Scraping the first page with requests

In [1]:
import requests

In [2]:
standings_url = "https://fbref.com/en/comps/9/Premier-League-Stats"

In [3]:
# Downloading the page
data = requests.get(standings_url)

Parsing HTML links with BeautifulSoup

In [4]:
from bs4 import BeautifulSoup

In [5]:
# Initializing the soup object with the html 
soup = BeautifulSoup(data.text)

In [10]:
# Selecting the table using a css selector stats_table=class 
standings_table = soup.select('table.stats_table')[0]

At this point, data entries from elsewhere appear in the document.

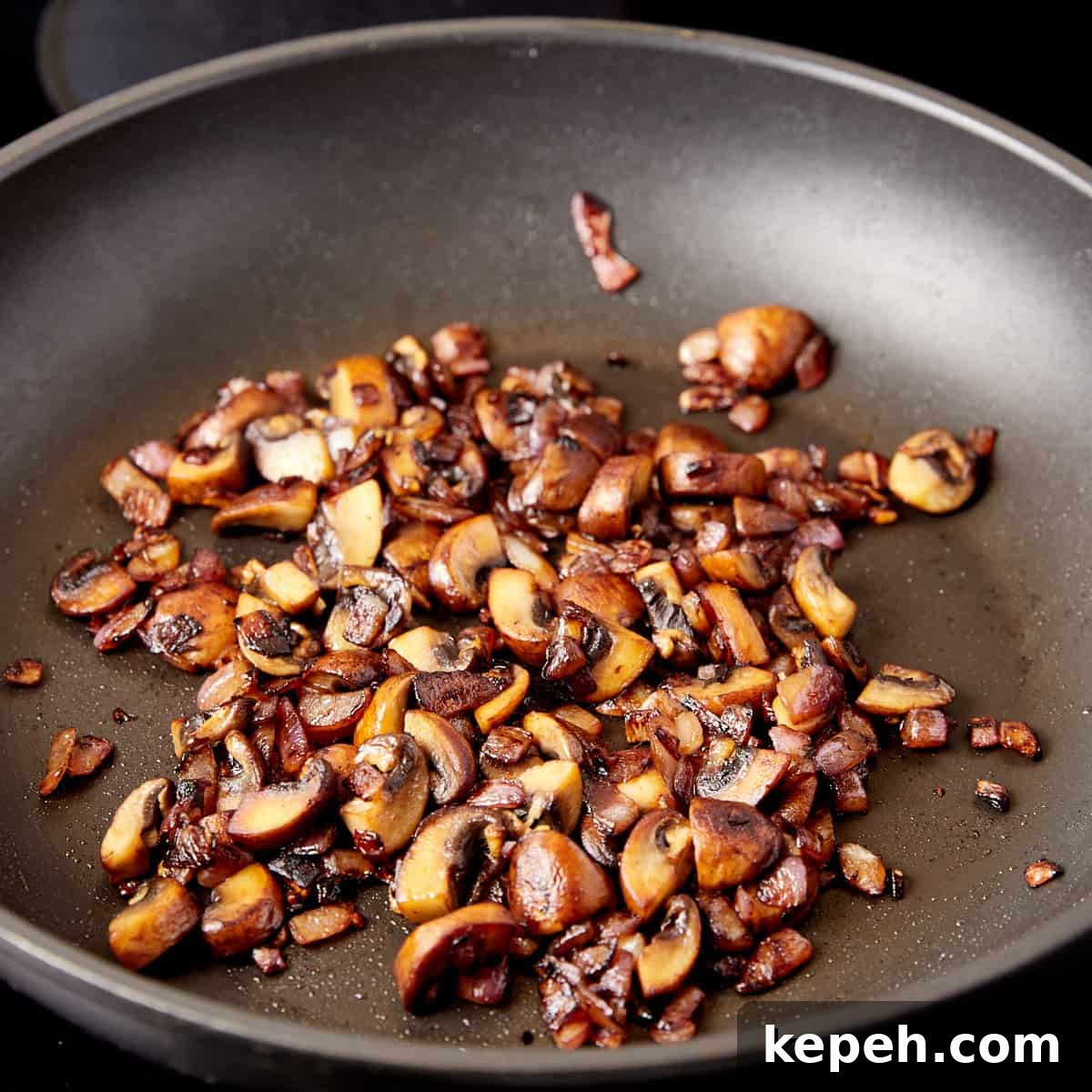 Photo showing browned mushrooms in a frying pan.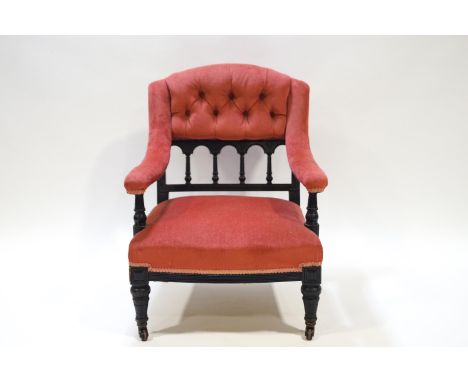 A Victorian nursing chair with button back and upholstered arms, on an ebonised frame with turned tapering legs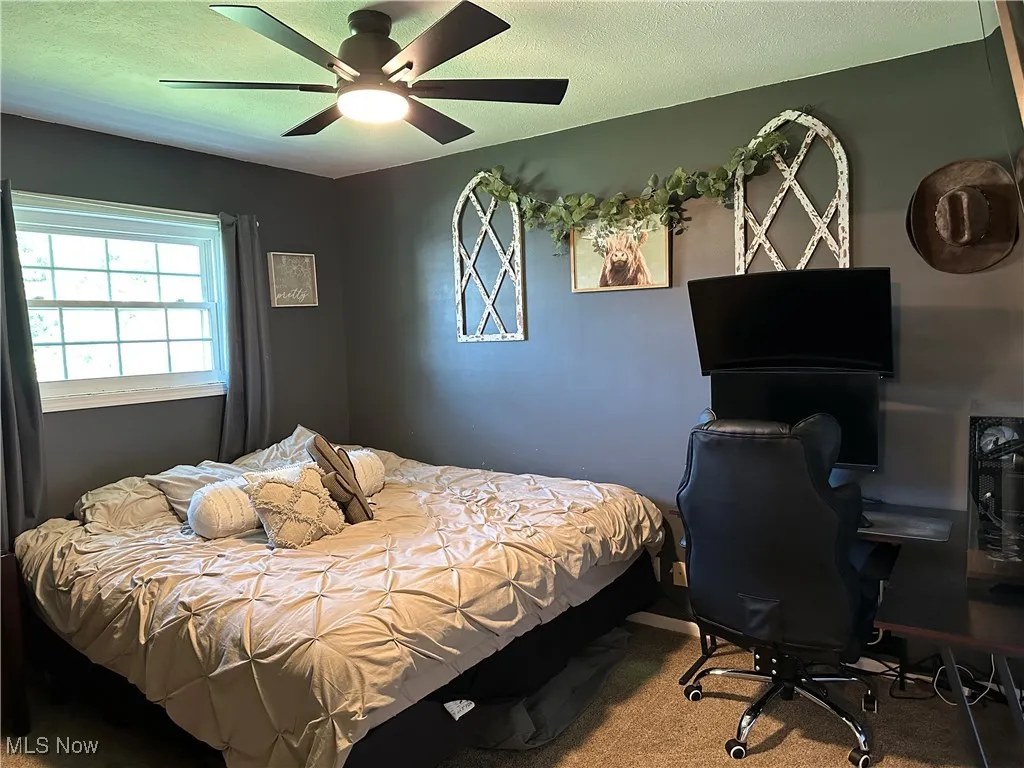 Carpeted bedroom featuring a textured ceiling and ceiling fan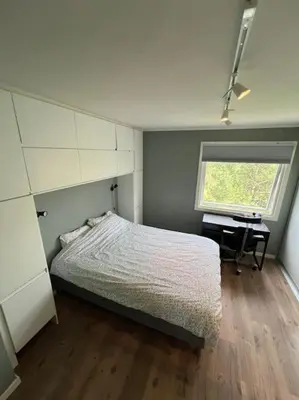 a bedroom with a bed and a desk and a window at Bolig til leie under ski-VM 2025 in Trondheim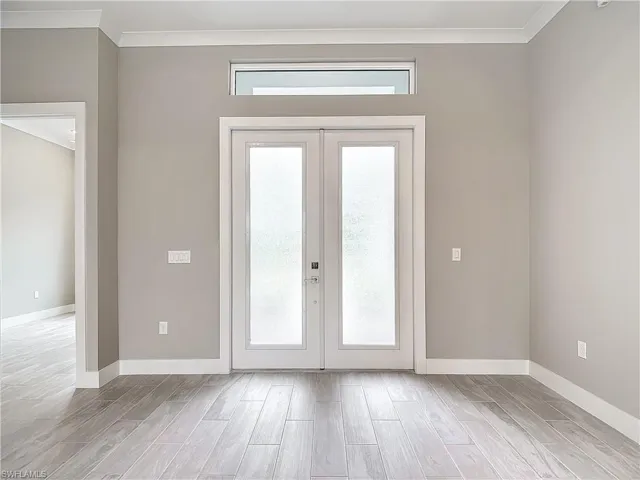 Doorway to outside featuring light wood-type flooring, french doors, and crown molding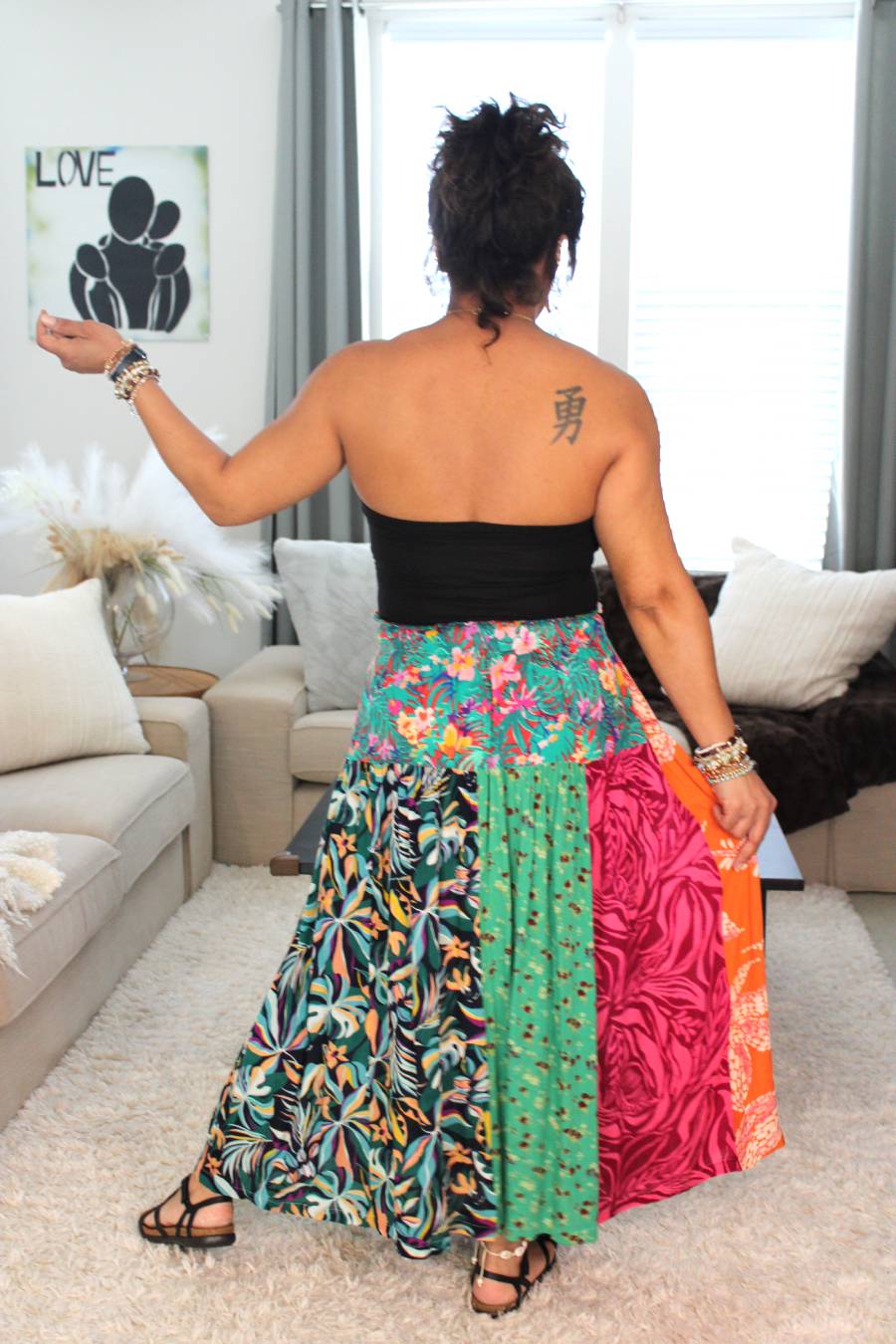 Model in a colorful patchwork wrap skirt standing showing the back unique print.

IndexError: list index out of range

In [None]:
# Finding all of the a tags in the table
links = standings_table.find_all('a')

In [None]:
# Getting the href property of each link
# Using a list comprehension
links = [l.get("href") for l in links]

In [None]:
# Filtering the links to only have the squad links
links = [l for l in links if '/squads/' in l]

In [None]:
links

In [None]:
# Turning the links inot full urls, adding the domain, 
# using format string to get absolute links
team_urls = [f"https://fbref.com{l}" for l in links]

In [None]:
team_urls

Extract Match Stats Using Pandas And Requests

In [None]:
team_url =  team_urls[0]

In [None]:
data = requests.get(team_url)

In [None]:
import pandas as pd

In [None]:
matches = pd.read_html(data.text, match="Scores & Fixtures")

In [None]:
matches[0]

In [None]:
# Getting the shootings record /  match stats

In [None]:
soup = BeautifulSoup(data.text)

In [None]:
links = soup.find_all('a')

In [None]:
links = [l.get("href") for l in links]

In [None]:
links = [l for l in links if l and 'all_comps/shooting/' in l]

In [None]:
data =  requests.get(f"https://fbref.com{links[0]}")

In [None]:
shooting = pd.read_html(data.text, match="Shooting")[0]

Cleaning and Merging Scraped Data with Pandas

In [None]:
shooting.head()

In [None]:
# Removing the first column row
shooting.columns =  shooting.columns.droplevel()

In [None]:
shooting.head()

In [None]:
shooting.columns

In [None]:
 team_data = matches[0].merge(shooting[['Date', 'Sh', 'SoT', 'Dist', 'FK', 'PK', 'PKatt']], on='Date')

In [None]:
team_data.head(10)

  Scraping Data for Multiple Seasons and Teams with a Loop

In [None]:
years = list(range(2023, 2022, -1))

In [None]:
years

In [None]:
all_matches = []

In [None]:
standings_url = "https://fbref.com/en/comps/9/Premier-League-Stats"

In [None]:
import time
for year in years:
    data = requests.get(standings_url)
    soup = BeautifulSoup(data.text)
    standings_table = soup.select('table.stats_table')[0]
    
    links = [l.get("href") for l in standings_table.find_all('a')]
    links = [l for l in links if '/squads/' in l]
    team_urls = [f"https://fbref.com{l}" for l in links]
    
    previous_season = soup.select("a.prev")[0].get("href")
    standings_url = f"https://fbref.com/{previous_season}"
    
    for team_url in team_urls:
        team_name = team_url.split("/")[-1].replace("-Stats", "").replace("-", "")
        
        data = requests.get(team_url)
        matches = pd.read_html(data.text, match="Scores & Fixtures")[0]
        
        soup = BeautifulSoup(data.text)
        links = [l.get("href") for l in soup.find_all('a')]
        links = [l for l in links if l and 'all_comps/shooting/' in l]
        data = requests.get(f"https://fbref.com{links[0]}")
        shooting = pd.read_html(data.text, match="Shooting")[0]
        shooting.columns = shooting.columns.droplevel()
        
        try:
             team_data = matches.merge(shooting[['Date', 'Sh', 'SoT', 'Dist', 'FK', 'PK', 'PKatt']], on='Date')
        except ValueError:
            continue
            
        team_data = team_data[team_data["Comp"] == "Premier League"]
        team_data["Season"] = year
        team_data["Team"] = team_name
        all_matches.append(team_data)
        time.sleep(1)
        
        

In [None]:
match_df = pd.concat(all_matches)

In [None]:
match_df.columns = [c.lower() for c in match_df.columns]

In [None]:
match_df

In [None]:
match_df.to_csv("matches_last_sn.csv")

The data contains matsches played from 2019/2020 season to date. I will need to clean it and only use matches from the 2020/2021 and 2021/2022 seasons.